Questo percorso, teorizzato da Erikson, ha approfondito la psicoterapeuta, indica che "il compito specifico dell'età adulta è la generatività, una capacità che va oltre la procreatività, e comprende anche la creatività e la produttività”. La generatività è anche “avere cura di ciò che si genera”. Quindi “avere una responsabilità verso ciò che si genera, spostando il proprio baricentro personale da noi stessi verso ciò che abbiamo generato. È rispondere all'appello dell'altro. La risposta alla fiducia che l'altro ripone in noi”. In questo senso, ragiona la dottoressa, “si tratta di una competenza adulta che si può avere solo se si sono adempiute le tappe precedenti: l’infanzia, l’adolescenza – in cui avviene il compimento e il consolidamento dell'identità: chi sono, cosa desidero, cosa significa per me il maschile e femminile – e la tappa del giovane/adulto nella quale si ha una percezione di sè con un baricentro definito”. Nella tappa del giovane/adulto è fondamentale la “competenza all'intimità”, cioè “riuscire ad incontrare l'altro nella differenza vista come ricchezza”. Questo implica accettare anche i limiti imposti dalla realtà, legittimare la differenza e il valore della differenza. “Questo è un valore difficile da capire oggi, perché la tendenza attuale nella ricerca di un legame affettivo non è quella di cercare un altro diverso da me con legittime differenze, ma trovare qualcuno per me che risponda alle mie aspettative o bisogni”. Invece “sono proprio i limiti ad aiutarci a scegliere, perché tramite i limiti noi capiamo cosa dobbiamo lasciare andare, per spingerci al di là del narcisistico amore di sé stessi e aprire la mente e il cuore verso qualcosa che va oltre di noi. Questo permette di aprirsi all’altro”.
Dunque secondo la dottoressa, il paterno non è altro che ”il modo maschile di essere generativi”. Il modo femminile è invece il materno. Entrambi hanno gli stessi desideri che si differenziano nel modo di essere generativi. “Non si tratta di un compito gravoso e difficile, così come il materno, e non c'è un'ottica sacrificale, ma espansiva”. Cioè man mano che la persona matura avverte il bisogno di diventare padre e madre, ad aprirsi ad una dimensione creativa. “Questa creatività è un incontro tra cosa abbiamo al nostro interno con ciò che c'è all'esterno. Ad esempio, una ricetta, che nasce dal desiderio di condividere qualcosa fatto da noi, poi diventa esterno, cioè il prodotto, il dolce, che viene offerto agli altri”. Nella generatività, sottolinea la Ceriotti Miglianese, c'è anche l'aspetto del compiacimento – come, ad esempio, c’è anche quando si scrive un libro – e “da questo punto di vista i figli sono il massimo. Il piacere in quanto padri è vedere che il prodotto (figli, libro, torta, ecc.) ha gambe per andare nel mondo”.
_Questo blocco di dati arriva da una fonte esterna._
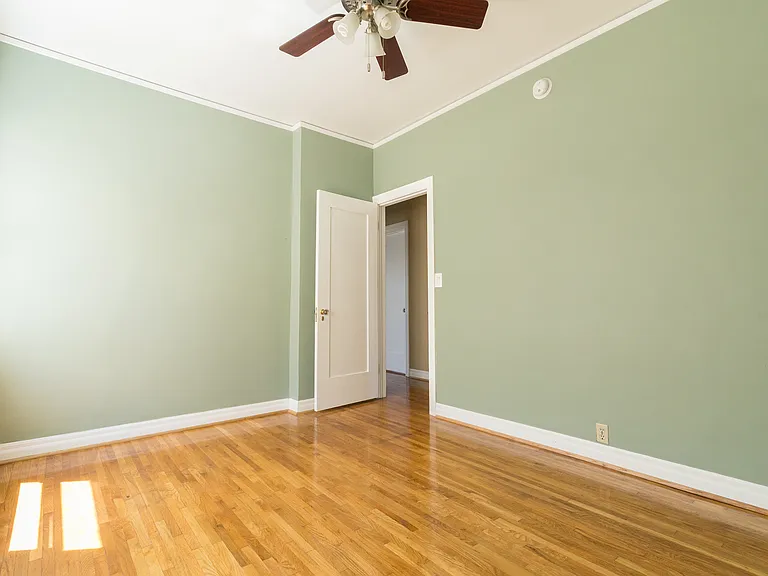 1105 S Cloverdale Ave #5 — Photo 19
Nel rapporto uomo-donna come influisce questo aspetto della paternità e maternità? “le donne desiderano incontrare nell'uomo anche la posizione paterna e viceversa. La donna desidera uomini generativi e dunque competenti nel paterno e che escano dalla dipendenza infantile madre-bisogno”. Nelle tappe di crescita, spiega la dottoressa, “l'uomo deve fare un passaggio dalla figura di madre, che rappresenta il primo bisogno, a quello di donna. Deve imparare a capire che esistono diverse figure femminili a cui relazionarsi nel tempo”. “Una donna desidera un uomo che lavori su questo punto. Ha bisogno di uomini di cui fidarsi. E uomini capaci di rispetto e stima”.
La paternità più alta è quella del modello tra Dio Padre e il Figlio. È il modello da seguire. “È il padre che indica la rotta, che dà i valori, che insegna ad accettare il dolore, che aiuta il figlio a trovare la sua vocazione, che insegna a farsi le domande giuste sulla propria vita. Cosa chiede un figlio al padre? gli chiede: tu ci sarai sempre per me? ti interessi di me? insegnami la strada del bene. Sostienimi, dammi credito, dammi tempo. Sei fiero di me? aiutami a non aver paura”.